(Supplied material)

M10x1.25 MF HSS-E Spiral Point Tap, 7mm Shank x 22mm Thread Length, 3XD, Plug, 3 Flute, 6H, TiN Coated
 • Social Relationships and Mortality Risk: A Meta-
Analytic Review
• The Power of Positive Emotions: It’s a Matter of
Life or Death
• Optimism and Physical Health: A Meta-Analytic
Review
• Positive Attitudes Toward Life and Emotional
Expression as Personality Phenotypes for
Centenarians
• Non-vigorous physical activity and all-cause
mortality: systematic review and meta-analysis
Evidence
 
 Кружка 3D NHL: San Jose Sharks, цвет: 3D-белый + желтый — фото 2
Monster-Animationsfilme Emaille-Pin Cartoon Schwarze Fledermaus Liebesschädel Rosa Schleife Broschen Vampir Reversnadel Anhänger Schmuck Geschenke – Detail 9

(End Supplied material)
(Supplied material)

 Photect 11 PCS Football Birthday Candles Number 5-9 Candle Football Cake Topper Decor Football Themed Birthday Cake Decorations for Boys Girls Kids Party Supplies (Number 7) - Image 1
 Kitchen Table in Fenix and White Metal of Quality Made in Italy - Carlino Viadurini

(End Supplied material)

→ **Description of the task**:
Return all lines from the data that include the string "Life".

→ **Finished task**:
Life or Death
• Positive Attitudes Toward Life and Emotional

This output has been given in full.